There are a lot of YouTube Videos out there...

In most cases, you are probably going to use video content you create yourself, but sometimes there are just really great explanations or relevant videos by other content producers on YouTube already. Keep in mind that those videos are still technically copyrighted. There are a number of issues around IP laws and educational fair use, but the reality is that most educational YouTube content authors are happy to let you embed their content, as long as you do it correctly (which this command does), so it makes life much simpler to just contact them for permission.
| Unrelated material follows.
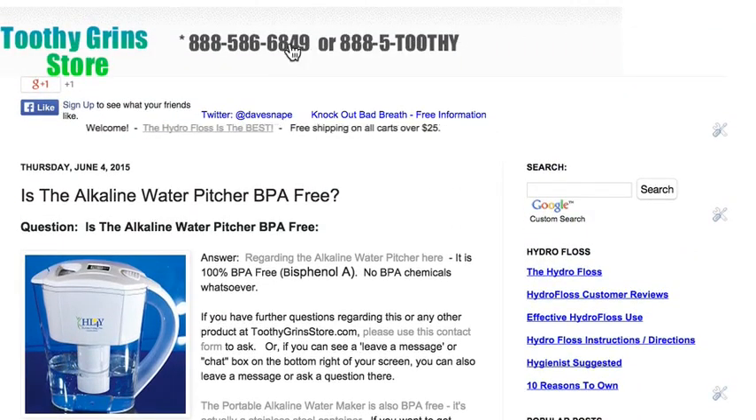This is Dave with ToothyGrinStore with the answer to the question, is the alkaline water pitcher BPA-free? It is. Thanks for watching, and have a great day.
Potential Pitfalls and Problems

Progress is tied to time stamp of last watched

It is noteworthy that the credit gained for a video is tied to the percentage last completed of the video. This has two main points to consider.

(a)
If the student skips to the end of the video, they can immediately get credit for watching the video, even though they didn’t watch it. This information is captured - so we plan on allowing or disallowing this ability in the future, and possibly having a notification for when students skip ahead for credit instead of watching video.
(b)
Sometimes YouTube will stop the video a second or two before the actual end of the video. We implemented a “good enough” feature to video watching to account for this - basically if they watch more than 95% or so of the video it counts as full credit, but depending on the length of the video, this can sometimes still have a video registered as not completed by enough to mark the tile as not fully completed. This, in turn, can cause students to lose their minds as they try to assure their instructor that they watched everything fully and did everyone on the page, but can’t get full credit.